Даже неудобно об этом говорить, но на концерте «Аукцыона» почти не было старых песен. Всякая группа, презентующая новый альбом, играет несколько номеров с него, а потом все равно выдает супербоевики, имеющиеся в загашнике. «Аукцыон» выдал из золотого репертуара одни «Осколки». Их все, конечно, встретили визгом и хором, но неужели этого достаточно? В роли старых песен были композиции, написанные уже в нулевые, вроде «Сине-зеленой» с альбома «Девушки поют».
Что поделаешь, все равно будем подпевать, куда ж мы денемся: «Солнечная моя, раненая её».
Новые песни мы, впрочем, тоже знали. Вторым номером спели «Хомбу» — новый хит, сочиненный Федоровым и клавишником и поэтом Озерским. «Хомба» выложена интернете, на «Хомбу» снят клип — судя по всему, одним дублем на репетиционной базе. В клипе Федоров жалуется, что перепутал все слова, что немудрено. «Катакомба, топинамба, тататахомба, я вижу колья, я слышу крылья», — непонятное заклинание, которое для каждого значит что-то свое, поклонники группы послушали уже раз эдак двести.
Ближе к концу Гаркуша выдал «Карандаши и палочки» — второй мегахит с нового альбома, веселый и грязный, как все песни Гаркуши. «Скоро будет пусто!» — кричал горбатый пожилой шут, которому уже полагается задумываться о смерти время от времени.
Публика «Аукцыона» становится старше с каждым годом.
Новые фанаты появляются — и подростки, и двадцатилетние девочки, но в среднем люди на концертах становятся спокойнее, старше, трезвее. Слэма нет. Пьяных драк нет. Визитов веселых гопников прямо в танцующий партер тоже не происходит. Сказывается, кроме всего прочего, порог отсечения: билет за 1200 рублей не располагает к пьяным шуткам.
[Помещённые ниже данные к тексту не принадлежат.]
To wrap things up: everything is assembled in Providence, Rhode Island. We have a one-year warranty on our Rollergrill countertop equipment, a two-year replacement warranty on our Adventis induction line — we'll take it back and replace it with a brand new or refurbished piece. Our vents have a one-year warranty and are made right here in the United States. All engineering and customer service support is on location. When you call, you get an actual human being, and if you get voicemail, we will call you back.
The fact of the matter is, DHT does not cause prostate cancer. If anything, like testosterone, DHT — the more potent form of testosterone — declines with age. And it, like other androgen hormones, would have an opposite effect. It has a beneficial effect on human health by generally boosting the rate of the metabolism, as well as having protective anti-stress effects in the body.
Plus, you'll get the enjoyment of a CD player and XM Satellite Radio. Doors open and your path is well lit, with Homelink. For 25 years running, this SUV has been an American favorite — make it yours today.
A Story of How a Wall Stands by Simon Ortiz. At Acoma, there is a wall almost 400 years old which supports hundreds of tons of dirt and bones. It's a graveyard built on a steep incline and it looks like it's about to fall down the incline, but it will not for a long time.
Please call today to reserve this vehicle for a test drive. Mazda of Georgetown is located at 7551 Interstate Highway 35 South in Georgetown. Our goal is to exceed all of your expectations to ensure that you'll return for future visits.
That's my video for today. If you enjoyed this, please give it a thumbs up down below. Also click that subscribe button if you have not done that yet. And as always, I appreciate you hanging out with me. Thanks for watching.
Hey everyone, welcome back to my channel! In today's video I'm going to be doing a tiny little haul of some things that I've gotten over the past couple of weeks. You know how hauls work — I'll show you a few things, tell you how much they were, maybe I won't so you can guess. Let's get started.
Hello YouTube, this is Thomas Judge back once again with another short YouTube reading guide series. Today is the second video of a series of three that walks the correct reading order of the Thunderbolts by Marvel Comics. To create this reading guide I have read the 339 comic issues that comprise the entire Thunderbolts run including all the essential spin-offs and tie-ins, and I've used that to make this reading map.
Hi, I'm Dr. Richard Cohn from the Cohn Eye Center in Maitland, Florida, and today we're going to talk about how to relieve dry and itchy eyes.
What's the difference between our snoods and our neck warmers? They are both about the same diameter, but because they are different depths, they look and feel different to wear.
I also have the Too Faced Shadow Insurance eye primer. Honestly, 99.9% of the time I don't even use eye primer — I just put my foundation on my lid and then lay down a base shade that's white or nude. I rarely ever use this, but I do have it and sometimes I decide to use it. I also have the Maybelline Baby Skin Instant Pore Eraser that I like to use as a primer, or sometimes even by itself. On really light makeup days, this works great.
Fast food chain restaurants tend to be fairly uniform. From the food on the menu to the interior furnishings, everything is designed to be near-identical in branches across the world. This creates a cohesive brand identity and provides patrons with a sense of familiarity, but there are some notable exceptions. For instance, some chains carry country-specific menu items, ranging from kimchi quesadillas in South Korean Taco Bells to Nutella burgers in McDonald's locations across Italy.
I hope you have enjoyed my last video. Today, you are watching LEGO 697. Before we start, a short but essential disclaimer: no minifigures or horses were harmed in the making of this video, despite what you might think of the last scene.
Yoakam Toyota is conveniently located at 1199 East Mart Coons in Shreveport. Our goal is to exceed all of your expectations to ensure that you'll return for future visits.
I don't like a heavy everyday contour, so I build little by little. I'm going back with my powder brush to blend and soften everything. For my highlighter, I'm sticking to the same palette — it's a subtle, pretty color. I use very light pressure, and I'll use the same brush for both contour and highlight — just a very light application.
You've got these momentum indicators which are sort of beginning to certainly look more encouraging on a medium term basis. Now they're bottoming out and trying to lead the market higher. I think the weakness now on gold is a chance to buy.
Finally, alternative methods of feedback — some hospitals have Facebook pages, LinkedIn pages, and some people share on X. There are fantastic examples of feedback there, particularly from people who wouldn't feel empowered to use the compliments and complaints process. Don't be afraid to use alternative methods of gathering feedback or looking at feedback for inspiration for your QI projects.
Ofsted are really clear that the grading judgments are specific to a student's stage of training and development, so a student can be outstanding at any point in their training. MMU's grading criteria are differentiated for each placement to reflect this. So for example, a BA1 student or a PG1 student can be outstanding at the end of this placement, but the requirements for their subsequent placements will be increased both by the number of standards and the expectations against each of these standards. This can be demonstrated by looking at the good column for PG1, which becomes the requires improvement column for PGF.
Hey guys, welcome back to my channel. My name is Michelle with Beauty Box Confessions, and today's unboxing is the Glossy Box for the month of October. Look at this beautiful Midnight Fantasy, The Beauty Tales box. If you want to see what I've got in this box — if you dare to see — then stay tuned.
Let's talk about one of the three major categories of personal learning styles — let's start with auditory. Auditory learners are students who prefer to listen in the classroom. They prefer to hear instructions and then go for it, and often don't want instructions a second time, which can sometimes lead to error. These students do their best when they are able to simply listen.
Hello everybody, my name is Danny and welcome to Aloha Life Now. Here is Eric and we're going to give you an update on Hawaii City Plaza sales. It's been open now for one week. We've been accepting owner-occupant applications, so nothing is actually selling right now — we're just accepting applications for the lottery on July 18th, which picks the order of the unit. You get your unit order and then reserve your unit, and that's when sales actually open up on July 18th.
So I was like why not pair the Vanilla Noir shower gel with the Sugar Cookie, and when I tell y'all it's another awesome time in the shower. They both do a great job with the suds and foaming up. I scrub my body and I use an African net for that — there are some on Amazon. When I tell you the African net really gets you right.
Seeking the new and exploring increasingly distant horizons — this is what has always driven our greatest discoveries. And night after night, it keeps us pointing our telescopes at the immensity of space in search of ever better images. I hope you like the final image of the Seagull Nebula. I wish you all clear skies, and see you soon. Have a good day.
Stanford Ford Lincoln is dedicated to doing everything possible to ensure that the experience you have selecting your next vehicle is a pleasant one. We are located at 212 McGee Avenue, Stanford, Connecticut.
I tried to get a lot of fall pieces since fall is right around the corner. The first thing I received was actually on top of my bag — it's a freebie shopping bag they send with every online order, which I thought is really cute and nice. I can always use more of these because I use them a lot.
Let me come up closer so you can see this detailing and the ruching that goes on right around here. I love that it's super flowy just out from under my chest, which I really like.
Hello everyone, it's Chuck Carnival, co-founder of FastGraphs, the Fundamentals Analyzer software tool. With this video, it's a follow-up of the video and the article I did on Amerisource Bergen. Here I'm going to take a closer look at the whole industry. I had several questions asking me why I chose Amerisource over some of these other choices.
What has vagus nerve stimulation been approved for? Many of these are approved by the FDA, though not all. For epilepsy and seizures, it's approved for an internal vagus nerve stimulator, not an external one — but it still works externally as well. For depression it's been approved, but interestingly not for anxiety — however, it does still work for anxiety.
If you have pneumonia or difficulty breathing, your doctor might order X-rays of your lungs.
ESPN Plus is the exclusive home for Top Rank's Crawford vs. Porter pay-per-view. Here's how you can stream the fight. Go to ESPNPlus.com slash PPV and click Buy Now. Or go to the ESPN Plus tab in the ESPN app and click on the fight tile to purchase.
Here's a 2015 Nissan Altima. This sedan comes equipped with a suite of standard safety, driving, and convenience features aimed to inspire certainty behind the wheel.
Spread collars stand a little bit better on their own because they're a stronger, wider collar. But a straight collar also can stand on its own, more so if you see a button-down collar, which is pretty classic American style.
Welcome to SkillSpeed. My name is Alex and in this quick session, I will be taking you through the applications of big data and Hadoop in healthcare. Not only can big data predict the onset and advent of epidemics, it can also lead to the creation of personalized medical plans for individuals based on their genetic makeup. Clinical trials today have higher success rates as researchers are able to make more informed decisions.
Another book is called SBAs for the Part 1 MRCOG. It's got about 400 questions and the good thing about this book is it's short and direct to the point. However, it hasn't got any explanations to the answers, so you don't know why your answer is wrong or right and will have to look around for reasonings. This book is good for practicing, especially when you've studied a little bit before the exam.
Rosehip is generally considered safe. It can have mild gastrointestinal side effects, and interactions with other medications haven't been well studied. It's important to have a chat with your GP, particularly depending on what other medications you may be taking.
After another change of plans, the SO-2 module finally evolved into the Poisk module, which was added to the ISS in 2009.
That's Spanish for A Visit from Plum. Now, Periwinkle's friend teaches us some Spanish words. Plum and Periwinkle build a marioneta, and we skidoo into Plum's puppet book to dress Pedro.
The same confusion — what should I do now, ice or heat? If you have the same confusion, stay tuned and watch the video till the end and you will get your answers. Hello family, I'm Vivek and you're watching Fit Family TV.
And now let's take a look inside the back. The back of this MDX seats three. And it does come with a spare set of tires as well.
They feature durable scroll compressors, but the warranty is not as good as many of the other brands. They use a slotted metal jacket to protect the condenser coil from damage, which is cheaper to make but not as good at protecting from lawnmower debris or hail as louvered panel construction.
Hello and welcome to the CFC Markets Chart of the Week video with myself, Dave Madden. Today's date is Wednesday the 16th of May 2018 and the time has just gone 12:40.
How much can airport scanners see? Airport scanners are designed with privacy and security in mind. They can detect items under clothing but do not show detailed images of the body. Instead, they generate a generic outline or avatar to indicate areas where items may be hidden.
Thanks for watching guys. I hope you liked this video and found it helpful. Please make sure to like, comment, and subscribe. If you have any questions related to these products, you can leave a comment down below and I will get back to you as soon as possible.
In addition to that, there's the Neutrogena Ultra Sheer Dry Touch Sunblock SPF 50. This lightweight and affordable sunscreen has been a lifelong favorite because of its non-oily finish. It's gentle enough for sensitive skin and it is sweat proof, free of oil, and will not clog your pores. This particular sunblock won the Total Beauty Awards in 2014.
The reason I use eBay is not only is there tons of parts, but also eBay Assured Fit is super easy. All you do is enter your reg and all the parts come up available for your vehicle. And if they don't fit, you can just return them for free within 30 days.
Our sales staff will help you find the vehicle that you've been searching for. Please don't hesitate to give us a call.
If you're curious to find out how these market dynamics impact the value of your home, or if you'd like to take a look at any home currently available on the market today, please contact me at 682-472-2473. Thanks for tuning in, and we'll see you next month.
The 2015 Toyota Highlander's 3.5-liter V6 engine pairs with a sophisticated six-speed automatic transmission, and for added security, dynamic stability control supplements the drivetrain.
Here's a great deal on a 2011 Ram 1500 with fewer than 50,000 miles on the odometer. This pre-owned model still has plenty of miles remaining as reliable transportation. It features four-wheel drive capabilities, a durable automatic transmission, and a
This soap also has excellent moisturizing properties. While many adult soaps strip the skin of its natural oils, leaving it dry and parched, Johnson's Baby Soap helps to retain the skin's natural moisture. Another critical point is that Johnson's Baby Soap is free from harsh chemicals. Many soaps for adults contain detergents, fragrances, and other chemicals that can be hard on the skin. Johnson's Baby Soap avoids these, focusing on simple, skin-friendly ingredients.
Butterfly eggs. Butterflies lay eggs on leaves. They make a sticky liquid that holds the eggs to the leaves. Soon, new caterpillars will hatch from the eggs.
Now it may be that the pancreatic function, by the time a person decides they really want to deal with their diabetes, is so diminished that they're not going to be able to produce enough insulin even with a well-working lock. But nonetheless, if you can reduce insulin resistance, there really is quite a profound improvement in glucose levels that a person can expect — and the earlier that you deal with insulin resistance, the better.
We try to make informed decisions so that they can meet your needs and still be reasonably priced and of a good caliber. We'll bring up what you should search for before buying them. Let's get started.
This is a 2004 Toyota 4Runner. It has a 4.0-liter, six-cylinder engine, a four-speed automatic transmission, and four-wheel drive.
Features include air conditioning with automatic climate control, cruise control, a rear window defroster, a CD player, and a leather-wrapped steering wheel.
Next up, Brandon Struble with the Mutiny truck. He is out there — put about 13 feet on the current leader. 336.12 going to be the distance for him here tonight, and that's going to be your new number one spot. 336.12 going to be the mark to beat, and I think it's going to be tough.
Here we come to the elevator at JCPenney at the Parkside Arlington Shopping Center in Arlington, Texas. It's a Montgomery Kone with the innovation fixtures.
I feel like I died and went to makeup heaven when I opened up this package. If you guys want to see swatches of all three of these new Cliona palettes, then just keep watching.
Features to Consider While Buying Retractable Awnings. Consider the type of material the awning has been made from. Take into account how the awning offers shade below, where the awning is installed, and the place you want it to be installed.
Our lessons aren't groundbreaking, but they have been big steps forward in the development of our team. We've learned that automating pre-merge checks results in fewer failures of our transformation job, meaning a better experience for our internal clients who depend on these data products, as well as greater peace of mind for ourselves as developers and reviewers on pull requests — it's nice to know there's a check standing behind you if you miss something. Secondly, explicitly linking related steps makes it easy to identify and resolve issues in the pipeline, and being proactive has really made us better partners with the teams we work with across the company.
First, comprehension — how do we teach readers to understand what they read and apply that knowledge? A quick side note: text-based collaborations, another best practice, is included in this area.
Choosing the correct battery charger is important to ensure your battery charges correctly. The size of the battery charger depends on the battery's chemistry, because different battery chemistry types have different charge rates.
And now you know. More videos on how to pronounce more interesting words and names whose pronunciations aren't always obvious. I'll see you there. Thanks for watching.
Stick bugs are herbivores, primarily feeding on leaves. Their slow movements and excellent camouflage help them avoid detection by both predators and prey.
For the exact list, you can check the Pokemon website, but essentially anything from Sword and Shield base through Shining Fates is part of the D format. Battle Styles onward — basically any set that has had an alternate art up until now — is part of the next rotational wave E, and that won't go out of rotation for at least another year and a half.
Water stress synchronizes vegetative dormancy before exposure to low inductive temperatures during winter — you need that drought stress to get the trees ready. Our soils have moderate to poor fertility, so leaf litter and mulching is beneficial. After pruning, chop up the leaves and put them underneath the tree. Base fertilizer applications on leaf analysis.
Сама группа тоже изменилась необратимо.
Владимир Волков в постоянном составе «Аукцыона» означает самую жирную в русском роке басовую линию (и контрабас, и бас-гитара, и туба) — это дополнительная точка привлечения внимания (никто не умеет трясти хайром и водить жалом так харизматично, как это делает Волков) — и окончательную кашу с точки зрения концертного звука. Нет в России такого клуба, в котором громкая авангард-джазовая группа не звучала бы ужасной кашей, «Арена» тут не исключение. Бешено орудующий смычком Волков слышен лишь иногда. В какой-то момент он сел за клавиши и выдал немного игры на рояле. Внезапно выяснилось, что он прямо вот настоящий пианист, по крайней мере руки ставит красиво и лупит ими по клавиатуре бешено и вдохновенно. Результата, правда, не было слышно ни в одной точке.
Да и не надо, в сущности. Нельзя быть твердо уверенным даже в том, что «Аукцыон» сам себя слышит в мониторах на сцене. Эта музыка у этих людей в головах. Скорее всего, она там у каждого своя. Скорее всего, их вообще не интересует, какая музыка звучит в головах их публики.
Они и раньше-то к публике относились довольно прохладно, а теперь только Гаркуша говорит «спасибо!» после каждой своей песни, остальные на нас даже не смотрят.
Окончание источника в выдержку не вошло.